Citing supply chain security and ransomware attacks that have made headlines, Rep. Clarke said
“we may need to update some of our Federal framework to better contemplate the physical and supply chain consequences of cyber-attacks,” including through requirements for sharing threat and attack data between the private sector and government and by giving Federal authorities a better window into private sector networks through cyber incident reporting requirements – among other steps contemplated by the cybersecurity executive order.
Some of the biggest lesson learned from recent attacks, she said, are that doing a better job at implementing steps some of the basic “fundamental” security steps like multi-factor authentication and endpoint detection and monitoring would help blunt the impact of those attacks.
More basic security steps like those, she said, “are the starting point, not the finish line.”
Rep. Clarke also pointed that many private sector companies appear to be suffering from some degree of confusion as to who they need to partner with in the Federal government regarding cybersecurity. “We need industry to work with the government, but we also need to make it easier to work with the government,” she said, and suggested that the incoming National Cyber Director work to make those relationships more clear.
The congresswoman further suggested that the private sector needs a similar assist from the Federal government on supply chain security issues, and pointed to CISA’s Information and Communications Technology Supply Chain Task Force, and the Federal Acquisition Security Council as good existing hubs.
“I’m very supportive of the work of the task force, and I encourage their continued growth and development,” she said.
State and Local Cyber Funding
Rep. Clarke updated legislative activity on the State and Local Cybersecurity Improvement Act, which was approved last month the by House Homeland Security Committee. The bill would provide $500 million per year in grants to help state and local governments approve cybersecurity.
“We’re looking now to the Senate for … a companion bill to be introduced,” Rep. Clarke said today.

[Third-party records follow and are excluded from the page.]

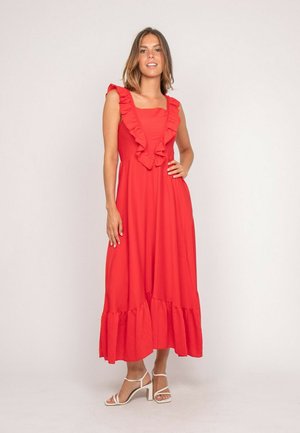 Femme portant une robe maxi rouge sans manches avec des volants le long du décolleté et de l'ourlet, debout avec la main sur la hanche et des sandales blanches à talons.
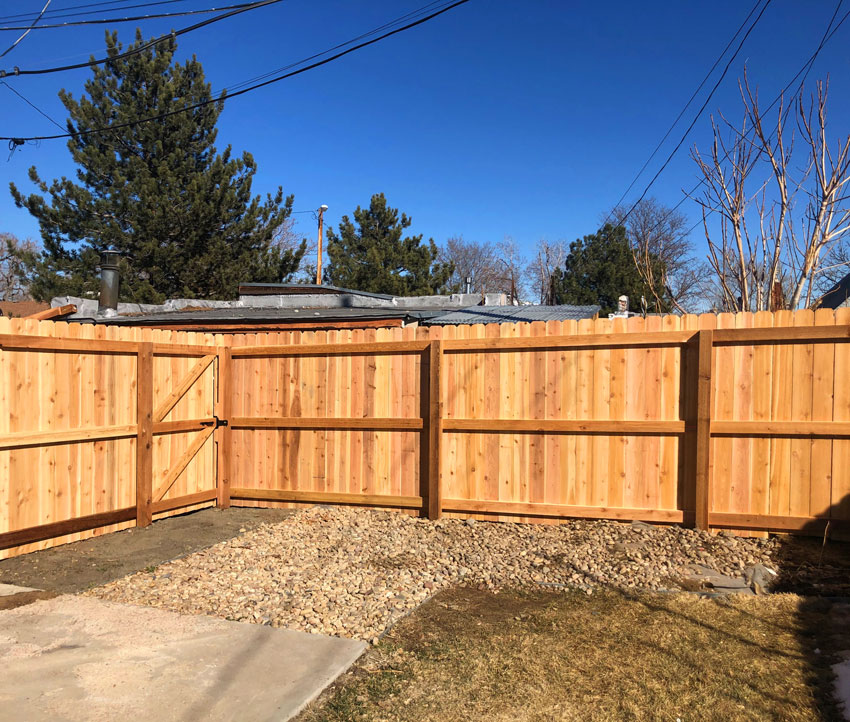 New cedar wood dog ear picket fence with gate in the Sunnyside neighborhood in Denver, Colorado.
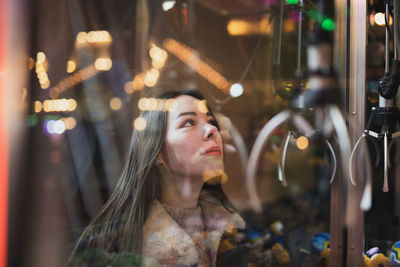 Woman looking at game machine seen through glass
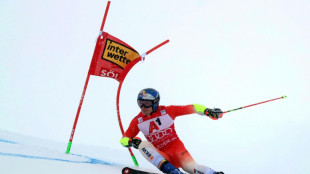 Champion Odermatt opens season with win at wintry Soelden
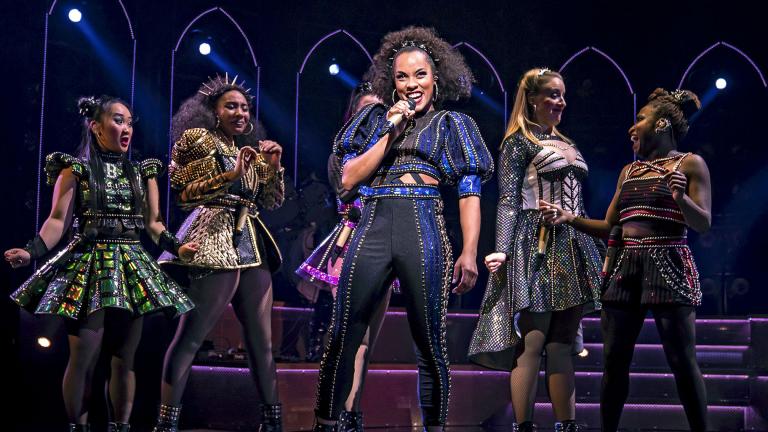 Anna Uzele, center, performs “I Don’t Need Your Love” in “Six” at Chicago Shakespeare Theater. (Photo by Liz Lauren)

“There’s no doubt that the [cybersecurity] crisis on the state and local level is an urgent call to us to action,” she said. “When we look at … municipalities, police departments, hospitals, when we look at school districts, there are so many vulnerabilities, and they need our help.”
“I’m really optimistic that we will pass this legislation, and that it will be signed into law,” she said. “There is not a district or a state that has not had to pay a very dear price” from cyber attacks, she said.